Records contained in a dataset:
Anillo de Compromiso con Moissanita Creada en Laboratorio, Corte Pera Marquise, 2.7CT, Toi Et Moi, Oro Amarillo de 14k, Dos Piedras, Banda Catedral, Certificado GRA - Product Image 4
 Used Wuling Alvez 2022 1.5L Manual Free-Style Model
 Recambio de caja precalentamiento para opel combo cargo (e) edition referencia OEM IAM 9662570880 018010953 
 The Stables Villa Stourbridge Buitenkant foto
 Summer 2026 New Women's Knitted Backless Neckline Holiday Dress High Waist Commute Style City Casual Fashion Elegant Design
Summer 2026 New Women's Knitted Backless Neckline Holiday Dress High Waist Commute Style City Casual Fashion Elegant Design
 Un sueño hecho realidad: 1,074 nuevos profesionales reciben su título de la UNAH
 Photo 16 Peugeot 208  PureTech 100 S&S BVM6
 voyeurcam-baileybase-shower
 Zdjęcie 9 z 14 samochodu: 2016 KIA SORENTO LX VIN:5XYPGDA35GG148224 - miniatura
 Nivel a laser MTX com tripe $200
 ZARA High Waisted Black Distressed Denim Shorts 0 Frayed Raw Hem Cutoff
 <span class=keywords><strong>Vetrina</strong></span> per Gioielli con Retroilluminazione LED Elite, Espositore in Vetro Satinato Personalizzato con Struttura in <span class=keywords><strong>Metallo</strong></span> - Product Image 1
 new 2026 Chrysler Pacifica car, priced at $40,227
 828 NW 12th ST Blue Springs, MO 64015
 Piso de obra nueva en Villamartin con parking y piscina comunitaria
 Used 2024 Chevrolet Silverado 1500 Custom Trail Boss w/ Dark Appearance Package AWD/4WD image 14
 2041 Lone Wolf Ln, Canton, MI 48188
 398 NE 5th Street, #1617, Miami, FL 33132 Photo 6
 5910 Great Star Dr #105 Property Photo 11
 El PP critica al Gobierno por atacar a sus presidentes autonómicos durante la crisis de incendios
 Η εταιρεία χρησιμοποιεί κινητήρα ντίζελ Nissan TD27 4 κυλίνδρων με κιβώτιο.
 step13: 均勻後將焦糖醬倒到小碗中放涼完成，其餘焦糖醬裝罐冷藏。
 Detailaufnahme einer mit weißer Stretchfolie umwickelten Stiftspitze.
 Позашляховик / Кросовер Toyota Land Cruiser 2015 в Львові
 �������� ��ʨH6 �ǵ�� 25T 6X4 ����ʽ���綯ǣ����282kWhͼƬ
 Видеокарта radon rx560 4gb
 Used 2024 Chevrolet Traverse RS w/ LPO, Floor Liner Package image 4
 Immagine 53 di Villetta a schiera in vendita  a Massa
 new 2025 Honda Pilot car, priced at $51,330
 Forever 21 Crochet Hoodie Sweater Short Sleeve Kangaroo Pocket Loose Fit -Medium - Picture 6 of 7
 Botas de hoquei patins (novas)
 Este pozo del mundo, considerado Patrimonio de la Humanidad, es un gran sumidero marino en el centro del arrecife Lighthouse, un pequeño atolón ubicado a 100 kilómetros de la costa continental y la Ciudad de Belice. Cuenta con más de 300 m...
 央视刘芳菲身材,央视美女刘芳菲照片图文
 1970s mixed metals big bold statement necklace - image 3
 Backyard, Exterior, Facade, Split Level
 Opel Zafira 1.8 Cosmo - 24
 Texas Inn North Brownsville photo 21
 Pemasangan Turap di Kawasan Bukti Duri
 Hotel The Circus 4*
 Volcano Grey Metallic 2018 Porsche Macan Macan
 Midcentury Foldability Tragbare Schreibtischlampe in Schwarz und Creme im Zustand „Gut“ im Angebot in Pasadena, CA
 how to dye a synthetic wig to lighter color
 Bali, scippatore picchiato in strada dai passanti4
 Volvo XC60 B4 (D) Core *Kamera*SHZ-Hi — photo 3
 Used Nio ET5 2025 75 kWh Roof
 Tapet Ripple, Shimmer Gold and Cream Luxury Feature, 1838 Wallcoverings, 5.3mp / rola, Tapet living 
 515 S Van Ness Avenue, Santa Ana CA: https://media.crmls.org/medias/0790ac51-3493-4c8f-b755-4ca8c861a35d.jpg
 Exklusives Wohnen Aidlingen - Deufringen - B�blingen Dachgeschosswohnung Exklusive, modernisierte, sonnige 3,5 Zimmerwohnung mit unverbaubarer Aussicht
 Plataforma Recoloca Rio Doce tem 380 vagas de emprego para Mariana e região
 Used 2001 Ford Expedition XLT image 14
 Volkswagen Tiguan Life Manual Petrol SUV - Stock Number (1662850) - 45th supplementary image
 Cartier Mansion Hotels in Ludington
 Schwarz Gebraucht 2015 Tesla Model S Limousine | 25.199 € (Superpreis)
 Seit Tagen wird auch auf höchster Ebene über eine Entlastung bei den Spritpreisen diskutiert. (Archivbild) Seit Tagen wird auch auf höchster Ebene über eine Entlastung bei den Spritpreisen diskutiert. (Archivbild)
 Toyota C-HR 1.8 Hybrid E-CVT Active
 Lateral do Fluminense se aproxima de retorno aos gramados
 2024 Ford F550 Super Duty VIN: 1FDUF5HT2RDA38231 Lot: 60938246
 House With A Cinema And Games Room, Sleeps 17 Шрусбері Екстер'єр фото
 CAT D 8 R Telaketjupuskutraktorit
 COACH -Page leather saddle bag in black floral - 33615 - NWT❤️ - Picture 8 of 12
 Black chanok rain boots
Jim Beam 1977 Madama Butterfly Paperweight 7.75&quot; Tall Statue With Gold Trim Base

EXERCISE AIM: Retype the records above, but only those lines that fall between the line containing "Nivel a laser MTX com tripe $200" and the line containing "<span class=keywords><strong>Vetrina</strong></span> per", with both of those lines included, exactly as written.

SOLUTION TO THIS PROBLEM:
 Nivel a laser MTX com tripe $200
 ZARA High Waisted Black Distressed Denim Shorts 0 Frayed Raw Hem Cutoff
 <span class=keywords><strong>Vetrina</strong></span> per Gioielli con Retroilluminazione LED Elite, Espositore in Vetro Satinato Personalizzato con Struttura in <span class=keywords><strong>Metallo</strong></span> - Product Image 1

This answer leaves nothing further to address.